- portrait of Edna Kenton by Carl Van Vechten, 1938
- Born: Edna Baldwin Kenton March 17, 1876 Springfield, Missouri, U.S.
- Died: February 28, 1954 (aged 77)
- Education: Drury College, University of Michigan
- Occupations: Author, Suffragist
- Notable work: The Book of Earths

= Edna Kenton =

American writer and literary critic

Edna Kenton (March 17, 1876 – February 28, 1954) was an American writer and literary critic. Kenton is best remembered for her 1928 work The Book of Earths, which collected various unusual and controversial theories about a hollow earth, Atlantis, and similar matters.

==Early life and education==
Edna Baldwin Kenton was born in Springfield, Missouri in 1876. Her father, James Edgar Kenton, was a bookkeeper. She attended Drury College, as did her brother Maurice and her sister Mabel, and graduated from the University of Michigan in 1897. She worked in Chicago as a young woman, where she knew Theodore Dreiser.

==Career==
Kenton's first novel, What Manner of Man (1903), was published while she was still in her twenties. A second, Clem, followed in 1907. Later she concentrated on essays and short stories, as a contributor to Harper's Magazine, Century Magazine, Virginia Quarterly Review, and other periodicals. She also served on the advisory board of The Seven Arts, a short-lived but influential literary magazine. Kenton wrote some important criticism of Henry James, especially her essay "Henry James to the Ruminant Reader" (1924), which introduced a novel reading of The Turn of the Screw. Her last publication was an edited collection of Henry James stories.

She is credited with writing the screenplay for the silent film Bondage (1917), directed by Ida May Park and starring Dorothy Phillips.
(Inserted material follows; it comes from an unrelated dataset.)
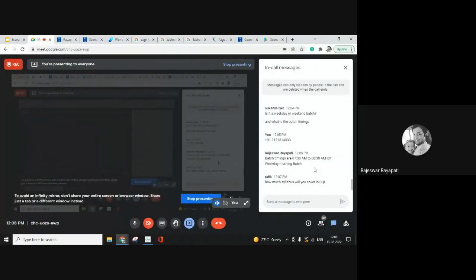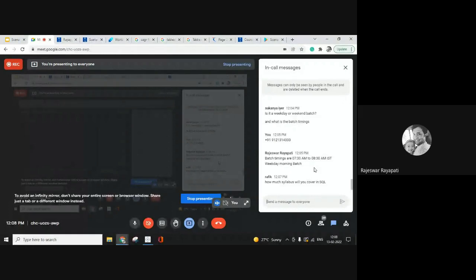Regarding SQL coverage: we will be covering from basics up to subqueries — different clauses in SQL, functions, joins, and subqueries.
Kenton was an active suffragist and a charter member of Heterodoxy, a feminist debating club based in Greenwich Village. She served on the executive board of the Provincetown Players, led by fellow Heterodites Eleanor Fitzgerald and Susan Glaspell, and wrote a history of the company, published many years later. She also wrote a biography of her kinsman, frontiersman Simon Kenton, and several books based on the letters of Jesuit missionaries in North America. But it was The Book of Earths (1928), her collection of esoteric theories about a hollow earth, Atlantis, ancient maps, and similar topics, that found the most enthusiastic and lasting readership, and continues in print.

==Personal life==
Edna Kenton died in 1954, age 77; author Leon Edel eulogized her in the New York Times. A small collection of her papers is at Columbia University.